## Problem
Before returning the data, strip out the pictures and keep everything else exactly the same.

## Recorded information
=== Begin Enclosure ===

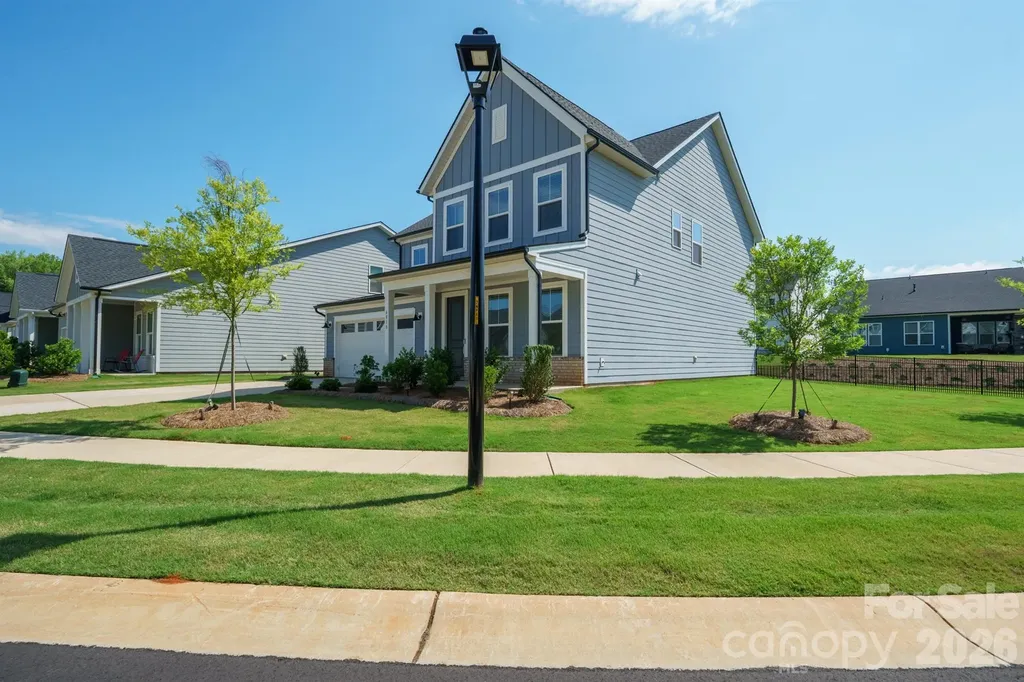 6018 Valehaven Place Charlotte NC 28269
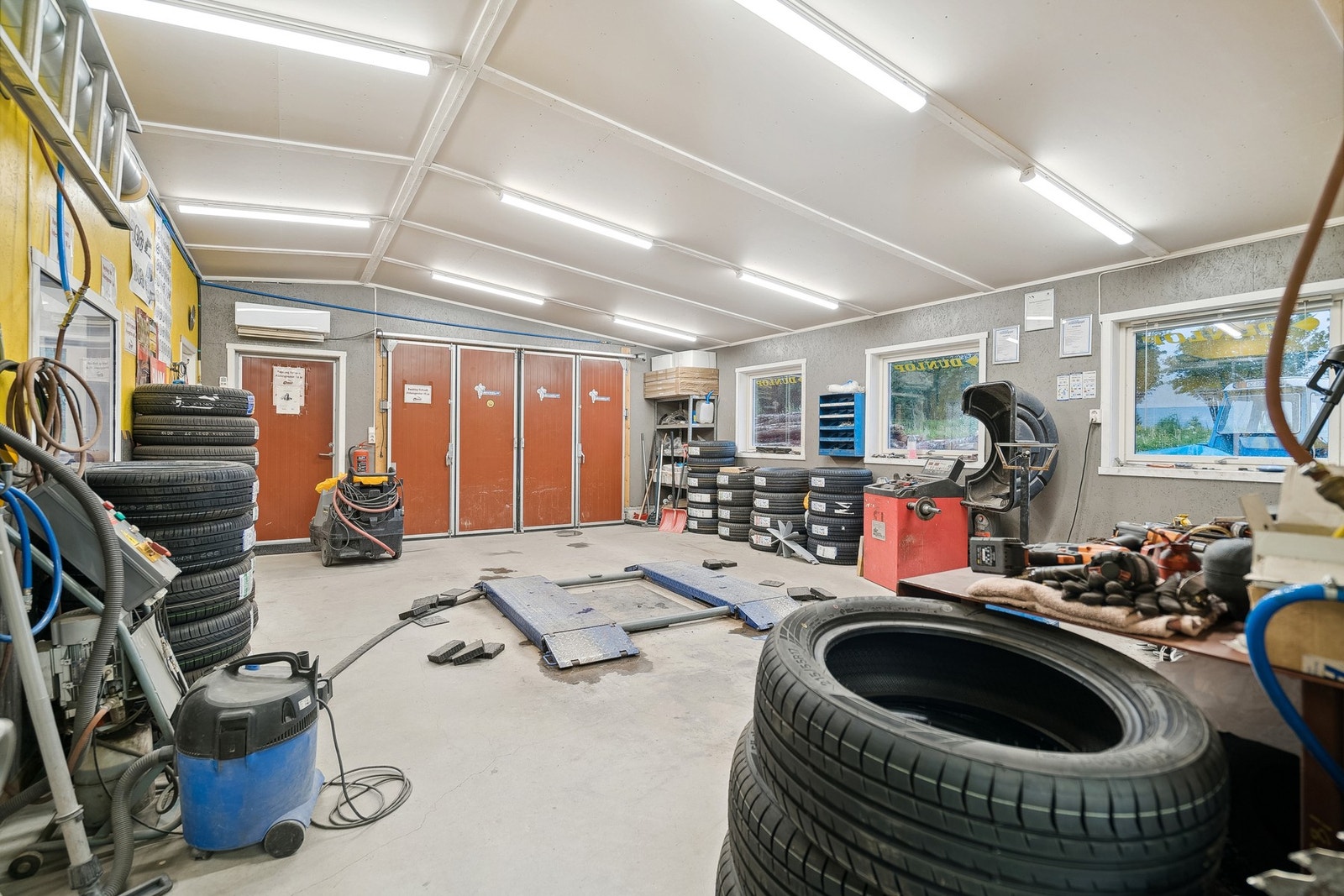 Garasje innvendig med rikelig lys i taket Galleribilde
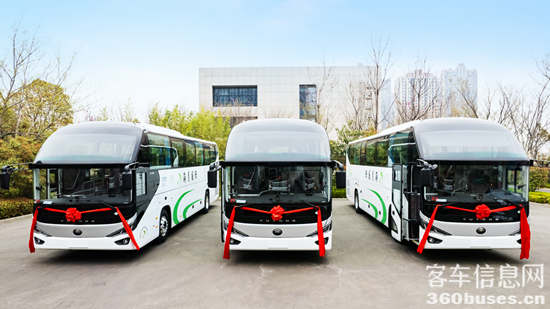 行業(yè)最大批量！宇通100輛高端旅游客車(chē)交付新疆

=== End Enclosure ===

## Result of the exercise
 6018 Valehaven Place Charlotte NC 28269
 Garasje innvendig med rikelig lys i taket Galleribilde
 行業(yè)最大批量！宇通100輛高端旅游客車(chē)交付新疆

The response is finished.